Having a next-door neighbor who cleared my driveway with his snow-blower (which I've nicknamed “Moses,” for its parting of the White Sea) certainly helped ease the impact of the first storm. I had nothing to go to over the weekend so the idea of sitting snuggly in my living room, wrapped in cats and listening to the Met broadcast of Verdi's “Simon Boccanegra” was a pleasant use of my time (fortunately, I hadn't planned on schlogging my way out to the local movie palace to see their HD transmission of the opera).
Looking out at the back yard (see left), watching the birds coming in to the feeder, was refreshing, reminding me how beautiful a snow scene can be - as long as I didn't have to go to work in it or deal with a concert. It's unfortunate that Market Square Concerts' CD Release Party with cellist Zuill Bailey scheduled for tonight has been postponed - driving there would've been one thing, parking in-town quite another. But as this storm is developing, I have no qualms in saying "Sorry, I'm not leaving my house"...
It's not that the northeastern part of the United States isn't used to the occasional big snow storms.
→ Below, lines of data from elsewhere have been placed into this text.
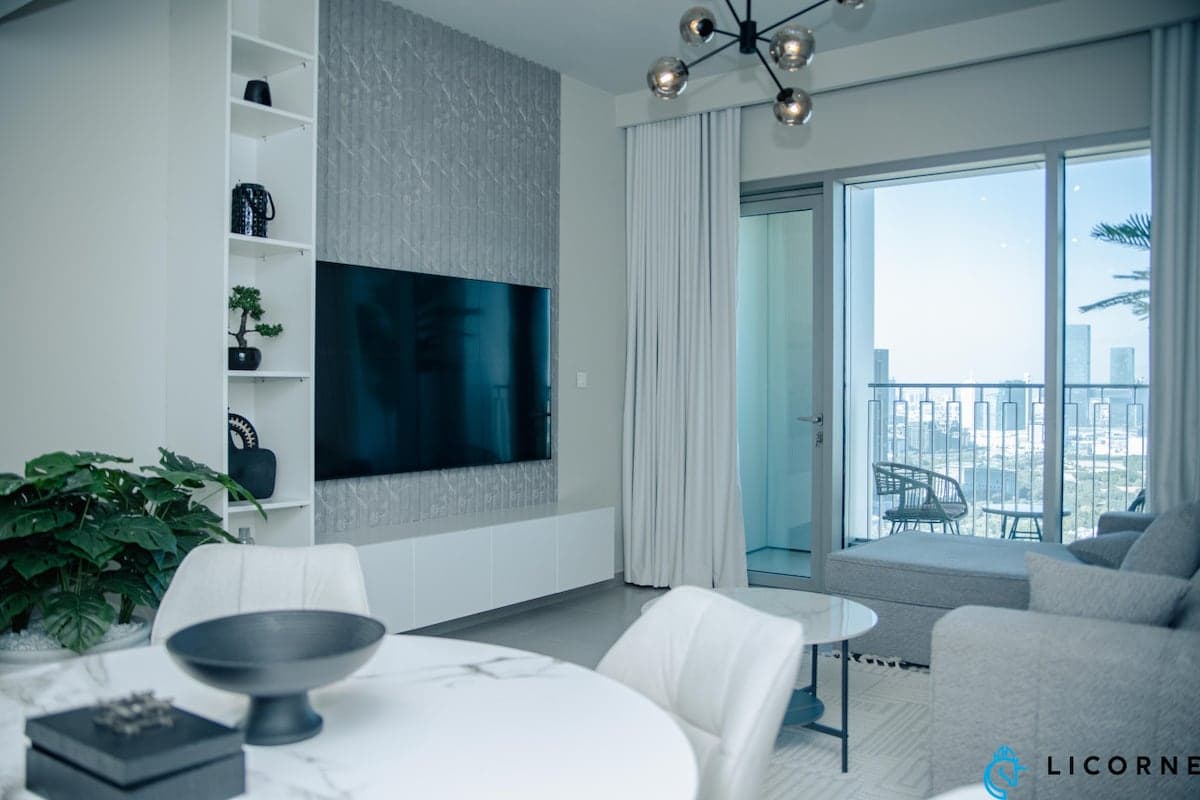 1 Bedroom Furnished Apartment with Skyline View | Downtown Views II — photo 3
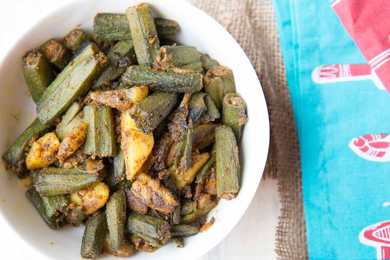 Recette Aloo Bhindi aromatisée à la moutarde et aux graines de pavot Recette Indienne Traditionnelle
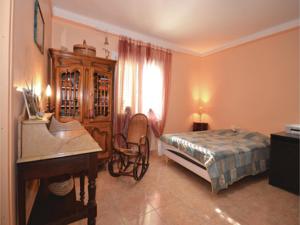 Hebergement Four-Bedroom Holiday Home in Uchaud : photos des chambres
When I was going to grad school in Rochester, NY, famous (along with Buffalo) for heavy snowfalls mostly from “Lake Effect Snow” which people usually pronounce as if it's not “real snow” despite the fact it still has to be shoveled, we joked about the region's two seasons: Winter and the 4th of July. We got 14” of snow one day then had a day where the high was in the mid-40s so much of it would melt, followed the next day by another foot of snow. I remember being able to figure out how cold it was as I left my apartment for my eight block walk into the school: if I had to zip up my coat, it was 10° or less. If my mustache froze by the time I reached the Chinese Restaurant half way to school, it was probably 0°. One morning, my mustache froze as I stepped off my porch: it was -8° when I passed the time-and-temperature clock a block from the school. Yet somehow you get used to this, after a while.
Another great storm was one in February 1978 when I was teaching at the University of Connecticut. This was the blizzard that collapsed the roof of the relatively new Coliseum in downtown Hartford just a few hours after a UConn basketball game, there. I remember huddling in one room of the apartment with my roommate (so we could conserve heat if we'd lose power) listening to the howling wind all night. One of the movies we watched on TV was something called "Bug," one of the worst films I've ever seen, about incendiary cockroaches attacking California. This storm was the first time they actually closed the campus and suspended all classes: in 15 minutes, the grocery store near the Fine Arts buildings was sold out of beer. When I finally got in to my office, the snow had drifted so high the two-story Fine Arts Building looked like a single story. My office window on the first floor was completely blocked by snow for about a week. I remember sleeping there for 3 nights to avoid the roads: talk about cabin fever...
And it's not like we haven't gotten hit by successive storms in the past, here, either.
The (in)famous Winter of 1996 saw numerous storms waving across the mid-state – the first storm had almost 2' feet of snow and was followed a few days later by a storm that measured around a foot, as I recall. But then successive Wednesdays saw weekly blizzards until by January 20th or so we'd gotten about 80” in total snowfall. There was no place to put the snow when you tried to shovel your car out or clear your sidewalk. I would sit in my living room and watch hats struggle past because that was all you could see: the sidewalk, so narrow you had to walk sideways to get through, was like a trench cut five or six feet into the snow.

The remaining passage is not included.